O meu entusiasmo não era muito. Além do mais estava muito constipado e a tomar medicamentos. Não poderia beber. Já para não falar do facto de não conhecer muito bem aquela gente. Estava decidido a não ir. Acendi um charuto, para no caso de mudar de ideias, e não me aborrecer tanto. Houvesse jantar em casa e não teria pensado duas vezes. Reconsiderei e pensei lá dar um salto, comer, e vir embora. Cheguei. Grande confusão. Tanta gente! Não sabia bem onde me sentar. Esperei que todos ocupassem os lugares, e fiquei numa mesa à parte, juntamente com um grupo de mulheres que tinham chegado também atrasadas. Ao meu lado estava a gótica da turma. Do outro, um tipo qualquer que ía metendo conversa. A conversa com a gótica parecia-me bem mais interessante, embora igualmente banal. Uns copos de vinho verde, e a conversa fluía. Todas as gajas se tinham preparado a rigor para aquilo. Todas tinham posto a roupinha nova favorita. Quase todas se tinham maquilhado até borrar a cara por completo. Algumas traziam brutais mini-saias que deixavam ver tudo. Todas se pavoneavam como desfilando numa passerelle. Já tinha assistido aquele filme. Por esta altura, dissimulado no meu cantinho a observar discretamente, pensava onde iriam parar estas doidas, libertas pelo álcool, e guiadas pelo vício carnal que emana do interior animalesco. Particularmente, nesta altura do ano... Algumas cantavam as típicas musiquinhas de bebedeira de jantar de curso. Outras berravam chamando pelo nome de alguém. Outras ainda corriam as mesas todas em frenéticos protocolos sociais para manter o estatuto de popularidade. Outras ansiavam pela hora de saírem dali e irem disparadas para a discoteca exibir os seus corpinhos ao ritmo da musica, esperando seduzir o amor da vida delas, que surgiria por milagre, qual príncipe encantado que emerge miraculosamente do arraial popular. Outras ainda olhavam repetidamente para o relógio, com cara de quem já está farto de ali estar, e quer ir para casa. Eu ia registando. Ia conversando com as meninas, e enchendo os seus copos...

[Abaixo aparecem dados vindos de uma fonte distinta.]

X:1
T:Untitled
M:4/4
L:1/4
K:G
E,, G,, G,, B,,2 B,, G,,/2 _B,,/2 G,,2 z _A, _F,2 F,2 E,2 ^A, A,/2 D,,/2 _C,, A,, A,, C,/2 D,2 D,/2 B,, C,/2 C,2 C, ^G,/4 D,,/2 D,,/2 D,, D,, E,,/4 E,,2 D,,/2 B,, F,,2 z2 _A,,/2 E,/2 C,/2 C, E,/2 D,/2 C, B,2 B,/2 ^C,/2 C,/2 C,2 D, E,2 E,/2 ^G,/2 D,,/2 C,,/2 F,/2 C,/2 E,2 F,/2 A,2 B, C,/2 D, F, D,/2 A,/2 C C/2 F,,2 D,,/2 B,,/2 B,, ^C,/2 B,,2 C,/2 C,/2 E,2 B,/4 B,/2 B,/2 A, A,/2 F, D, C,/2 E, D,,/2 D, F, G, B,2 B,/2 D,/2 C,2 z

A gótica parecia ouvir-me com particular atenção. Parece simpática, mas não sei porquê há nela uma espécie de inocência infantil. Não deve ser gótica, mas veste-se sempre, mas rigorosamenete sempre de preto. Até é gira, embora seja um pouco baixa. Contudo tem um corpinho divinal e parece ser inteligente, e também muito sagaz. Conversa puxa conversa, e a bebida já mexia comigo. Parecia naquela altura, apesar dos meus planos iniciais de voltar logo para casa, determinado a acompanha-la o resto da noite. Ela por sua vez, parecia também muito simpática. Estava com pena dela. Teve o azar de apanhar um convencional do outro lado, que a saturou de banalidades durante quase toda a noite. Ela estava visivelmente entediada. Por fim, solto pelo alcool, lá me passou mais a moca, e lá a fui animando, lançando conversa na mesa. Acabei por saber o nome de todas elas, mas já não me lembro de nenhum. Excepto do dela, porque fez questão de repetir. O homem ia trazendo mais vinho, e eu adivinhava já uma longa noite. Mais álcool. Mais conversa. Já estava um pouco possuído, à minha maneira. Sabia que a partir daquele ponto, já não ía conseguir parar, era caminho sem regresso. Nisto sem querer, enquanto ia gesticulando, tal era a carga etílica por aquela hora, verto o meu copo por cima da mesa. Como me conheço bastante bem, e sabia perfeitamente como ía terminar aquela noite, aproveitei a deixa para dizer que me ía limpar á casa de banho, e bazei dali para fora.